#### YOUR TASK
Using the data below, transcribe exactly everything from the line that contains "Samsung Galaxy S21" down to the line that contains "Maison Alhambra Dark". Include both of those lines and none of the pictures.
-------- AVAILABLE DATA --------
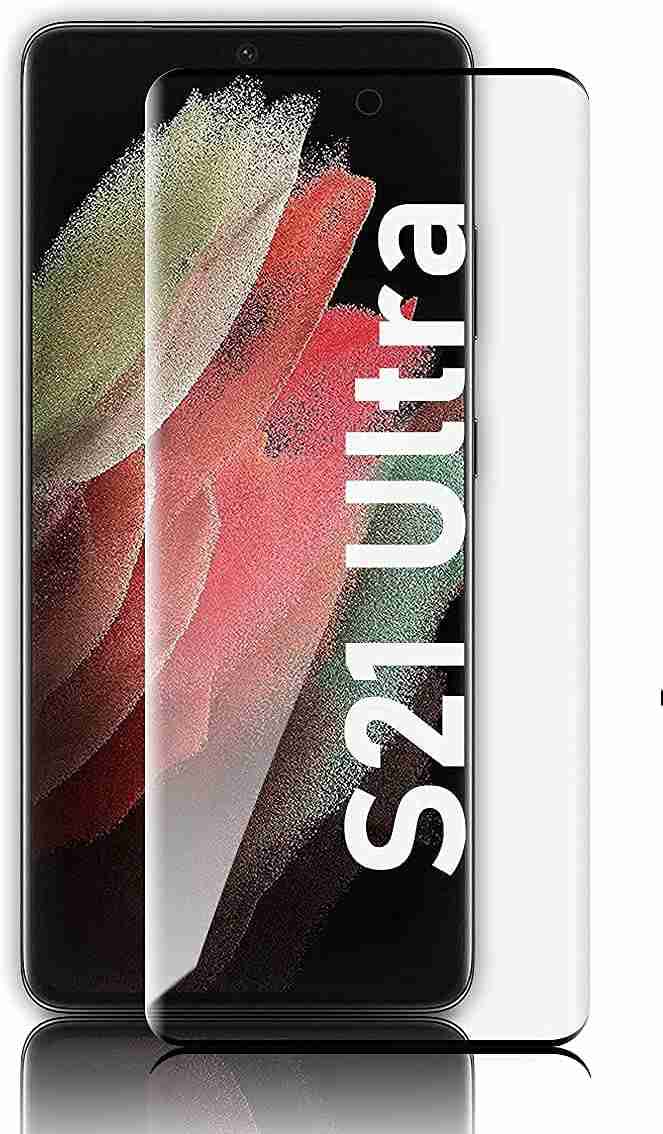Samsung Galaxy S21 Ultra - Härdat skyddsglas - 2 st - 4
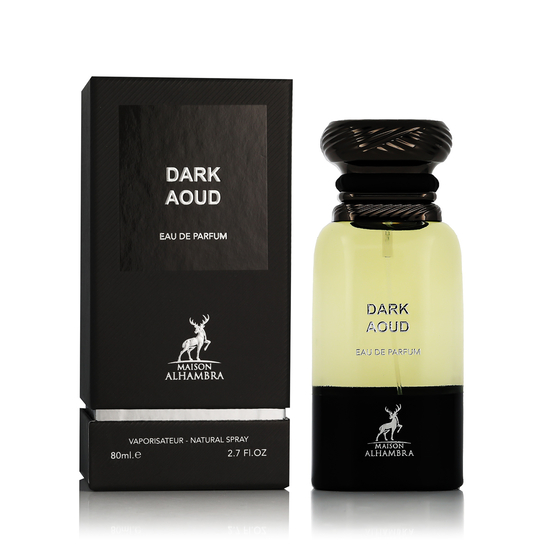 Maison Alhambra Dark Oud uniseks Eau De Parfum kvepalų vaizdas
--------
-------- AVAILABLE DATA --------
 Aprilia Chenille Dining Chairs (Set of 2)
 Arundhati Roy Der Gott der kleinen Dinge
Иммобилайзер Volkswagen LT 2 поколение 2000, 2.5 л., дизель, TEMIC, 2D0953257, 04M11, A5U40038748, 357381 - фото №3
--------
-------- AVAILABLE DATA --------
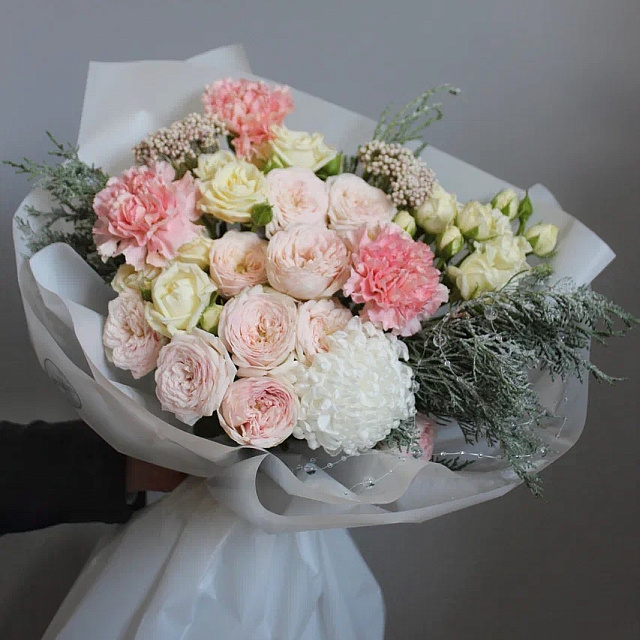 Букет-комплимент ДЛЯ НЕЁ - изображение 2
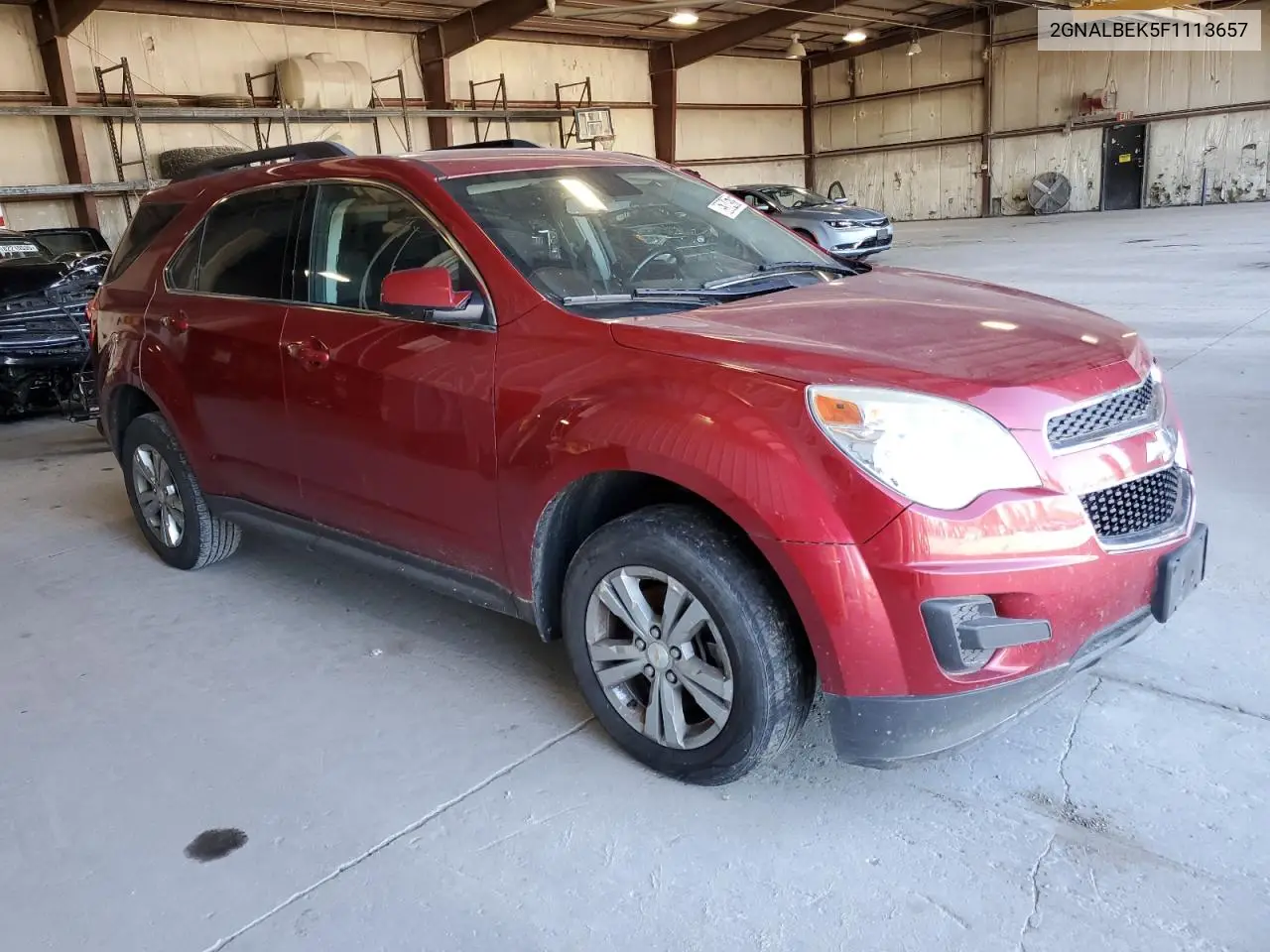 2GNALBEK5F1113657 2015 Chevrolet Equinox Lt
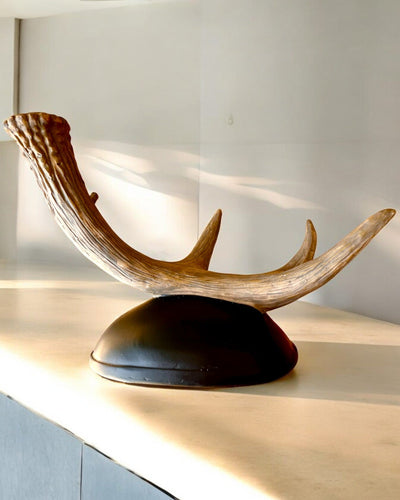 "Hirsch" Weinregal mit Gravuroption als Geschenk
--------
#### WRITTEN SOLUTION
Samsung Galaxy S21 Ultra - Härdat skyddsglas - 2 st - 4
 Maison Alhambra Dark Oud uniseks Eau De Parfum kvepalų vaizdas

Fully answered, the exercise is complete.